Sodium ions are very important for the normal functioning of the human body. If the concentration of sodium in the extracellular space falls too low we may die due to the neurological symptoms that accompany the condition such as coma and seizure. Sodium ions are the most abundant positively charged ion in the extracellular space in the body.
It has two main physiological functions in the body. These are: monitoring and controlling the cell membrane resting electric potential and its initiation of the nerve and muscle cells. Thus it functions by conserving the function of the nervous system and the muscular system as far as contraction and relaxation is concerned.
Sodium ion is an antagonist to both potassium and hydrogen as far as concentration is concerned. Elevated level of sodium is accompanied by depletion of both potassium and hydrogen. Sodium is slightly excreted in the urine. Approximately 1% of filtered sodium in the kidney is excreted in the urine. The rest is reabsorbed back into the circulation.
The other function of sodium ions is the maintenance of blood pressure through a regulation of its concentration in the body using a hormone that is called aldosterone. This hormone is crucial for the homeostasis of sodium in the body. Aldosterone is usually secreted by the cortex of the adrenal gland. It is secreted in response to low blood volume or hypovolemia.
The secretion of aldosterone leads to the conservation of sodium in the kidney tubules. It prevents its secretion in the urine by reabsorbing it through an active transport process. It is reabsorbed there in exchange for potassium and hydrogen which are excreted in the urine.
In Conn’s syndrome or hyperaldosteronism an excessive amount of sodium is conserved in the kidney tubules due to the elevated level of aldosterone in the blood. Along with sodium that is reabsorbed is also water reabsorbed. Thus causing a state of hypertension and subsequent edema.

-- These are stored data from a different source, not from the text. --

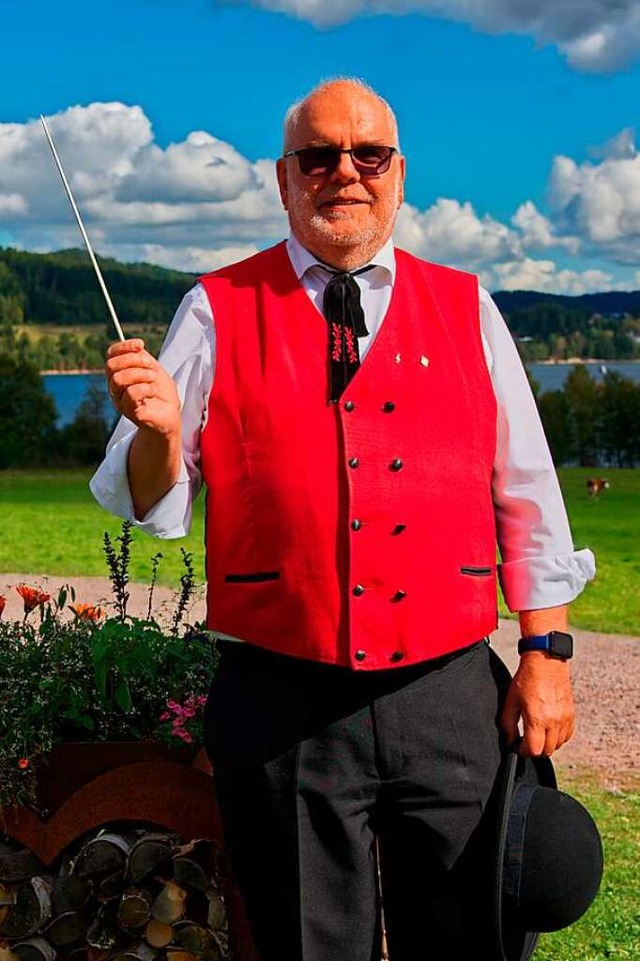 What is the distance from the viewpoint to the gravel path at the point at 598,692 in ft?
21.3

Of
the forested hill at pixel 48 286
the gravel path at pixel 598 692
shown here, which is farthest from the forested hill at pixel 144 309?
the gravel path at pixel 598 692

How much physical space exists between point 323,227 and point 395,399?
1.17ft

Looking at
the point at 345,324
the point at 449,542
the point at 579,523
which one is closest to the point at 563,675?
the point at 449,542

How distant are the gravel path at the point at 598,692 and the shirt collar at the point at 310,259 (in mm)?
2216

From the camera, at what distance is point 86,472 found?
2886cm

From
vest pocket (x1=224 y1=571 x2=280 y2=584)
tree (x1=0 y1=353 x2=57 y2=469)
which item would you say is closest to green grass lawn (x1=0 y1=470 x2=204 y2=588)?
vest pocket (x1=224 y1=571 x2=280 y2=584)

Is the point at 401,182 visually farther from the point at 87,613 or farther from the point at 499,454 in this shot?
the point at 87,613

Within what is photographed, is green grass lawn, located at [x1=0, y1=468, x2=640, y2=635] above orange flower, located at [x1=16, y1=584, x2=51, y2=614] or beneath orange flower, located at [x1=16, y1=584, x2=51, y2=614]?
beneath

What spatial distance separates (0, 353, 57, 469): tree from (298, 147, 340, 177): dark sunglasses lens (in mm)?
29273

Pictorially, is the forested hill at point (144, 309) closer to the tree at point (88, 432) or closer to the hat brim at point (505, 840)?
the tree at point (88, 432)

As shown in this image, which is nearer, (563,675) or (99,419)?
(563,675)

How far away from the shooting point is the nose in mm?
2436

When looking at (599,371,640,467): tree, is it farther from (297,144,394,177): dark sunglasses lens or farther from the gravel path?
(297,144,394,177): dark sunglasses lens

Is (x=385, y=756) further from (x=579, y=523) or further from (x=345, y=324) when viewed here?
(x=579, y=523) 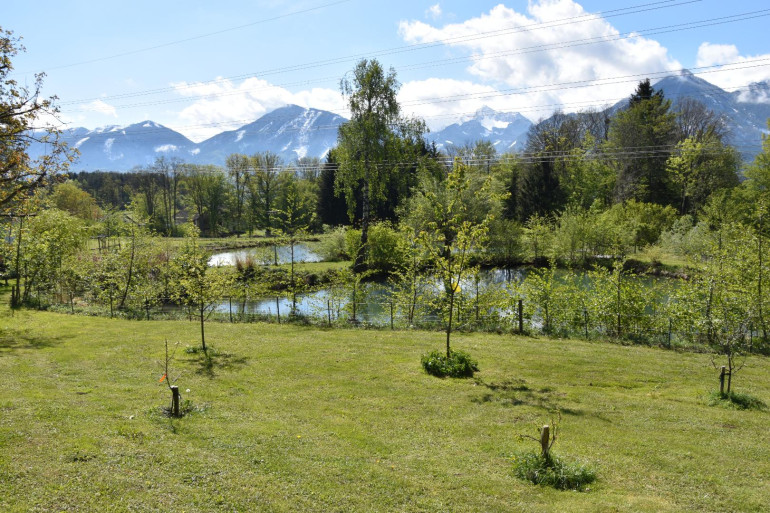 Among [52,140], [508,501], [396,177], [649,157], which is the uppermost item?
[649,157]

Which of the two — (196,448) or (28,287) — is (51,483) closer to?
(196,448)

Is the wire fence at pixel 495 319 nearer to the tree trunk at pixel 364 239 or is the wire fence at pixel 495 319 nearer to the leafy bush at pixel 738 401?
the leafy bush at pixel 738 401

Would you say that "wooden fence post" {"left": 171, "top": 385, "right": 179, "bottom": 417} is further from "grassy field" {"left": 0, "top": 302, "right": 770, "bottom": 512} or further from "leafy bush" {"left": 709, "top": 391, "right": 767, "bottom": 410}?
"leafy bush" {"left": 709, "top": 391, "right": 767, "bottom": 410}

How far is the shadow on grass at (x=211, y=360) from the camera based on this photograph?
509 inches

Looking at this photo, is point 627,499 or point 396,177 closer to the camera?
point 627,499

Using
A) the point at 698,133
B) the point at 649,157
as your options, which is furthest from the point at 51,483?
the point at 698,133

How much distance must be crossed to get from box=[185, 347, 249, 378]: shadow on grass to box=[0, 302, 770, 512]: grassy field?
0.35ft

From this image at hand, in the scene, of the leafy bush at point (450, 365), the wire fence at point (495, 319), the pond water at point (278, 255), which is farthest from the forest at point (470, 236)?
the pond water at point (278, 255)

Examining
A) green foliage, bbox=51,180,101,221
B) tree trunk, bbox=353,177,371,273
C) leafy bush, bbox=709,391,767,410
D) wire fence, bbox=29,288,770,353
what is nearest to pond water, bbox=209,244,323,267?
tree trunk, bbox=353,177,371,273

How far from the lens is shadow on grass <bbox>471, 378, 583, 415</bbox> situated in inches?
409

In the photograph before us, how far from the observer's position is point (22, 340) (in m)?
15.7

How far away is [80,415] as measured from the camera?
8.60 meters

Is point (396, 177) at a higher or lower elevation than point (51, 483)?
higher

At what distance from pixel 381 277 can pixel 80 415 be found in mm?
28796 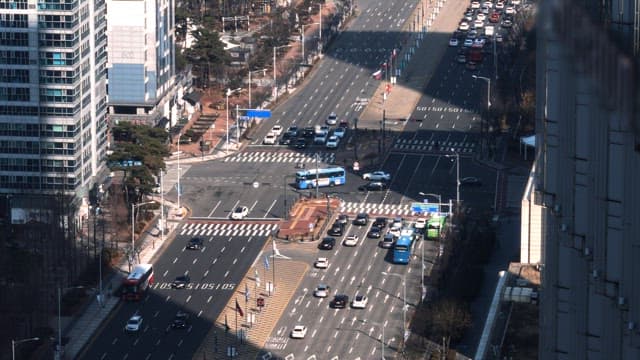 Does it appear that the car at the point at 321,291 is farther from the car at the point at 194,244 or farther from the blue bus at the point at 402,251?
the car at the point at 194,244

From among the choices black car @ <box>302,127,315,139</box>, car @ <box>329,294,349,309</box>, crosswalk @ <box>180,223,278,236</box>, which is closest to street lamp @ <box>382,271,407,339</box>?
car @ <box>329,294,349,309</box>

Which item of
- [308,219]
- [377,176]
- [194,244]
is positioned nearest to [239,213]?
[308,219]

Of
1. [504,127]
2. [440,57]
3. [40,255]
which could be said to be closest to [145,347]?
[40,255]

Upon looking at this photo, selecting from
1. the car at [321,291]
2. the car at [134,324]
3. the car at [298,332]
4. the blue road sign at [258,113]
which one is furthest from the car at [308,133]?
the car at [298,332]

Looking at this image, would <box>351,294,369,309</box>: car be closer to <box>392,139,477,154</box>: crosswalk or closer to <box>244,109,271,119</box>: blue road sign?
<box>392,139,477,154</box>: crosswalk

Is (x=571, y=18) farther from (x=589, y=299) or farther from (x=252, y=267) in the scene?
(x=252, y=267) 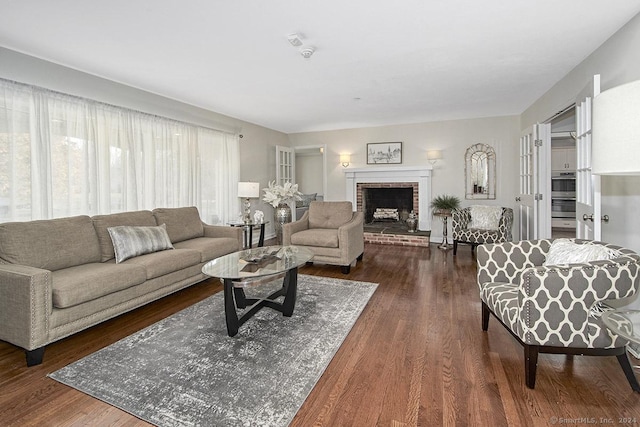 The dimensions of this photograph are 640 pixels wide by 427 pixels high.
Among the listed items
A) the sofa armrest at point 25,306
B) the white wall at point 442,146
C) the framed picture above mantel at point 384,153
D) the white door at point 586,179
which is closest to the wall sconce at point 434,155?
the white wall at point 442,146

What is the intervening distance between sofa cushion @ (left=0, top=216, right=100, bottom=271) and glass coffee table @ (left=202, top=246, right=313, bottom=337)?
1.22m

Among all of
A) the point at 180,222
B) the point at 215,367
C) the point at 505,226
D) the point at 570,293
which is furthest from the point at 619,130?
the point at 505,226

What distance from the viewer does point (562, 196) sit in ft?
22.2

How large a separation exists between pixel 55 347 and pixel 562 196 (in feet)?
28.5

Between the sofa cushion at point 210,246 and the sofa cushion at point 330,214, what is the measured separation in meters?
1.30

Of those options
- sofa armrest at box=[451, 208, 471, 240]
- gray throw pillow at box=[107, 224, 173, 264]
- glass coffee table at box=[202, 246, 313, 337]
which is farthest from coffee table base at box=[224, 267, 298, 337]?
sofa armrest at box=[451, 208, 471, 240]

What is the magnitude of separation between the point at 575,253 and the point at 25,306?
3.63 metres

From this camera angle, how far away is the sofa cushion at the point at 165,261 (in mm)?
2867

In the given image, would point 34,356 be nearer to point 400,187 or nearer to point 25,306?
point 25,306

On the other hand in adrenal insufficiency syndrome in which aldosterone is not secreted in sufficient amount in the adrenal cortex due to a destruction of the cortex by an immune reaction low level of sodium is reabsorbed in the kidney tubules. Thus elevated amount of sodium is excreted in the urine in exchange for potassium and hydrogen which are reabsorbed. Thus causing a state of hyperkalemia. This condition can lead to hypertension due to the depletion of water as well which accompanies sodium lost by diffusion or passive transport.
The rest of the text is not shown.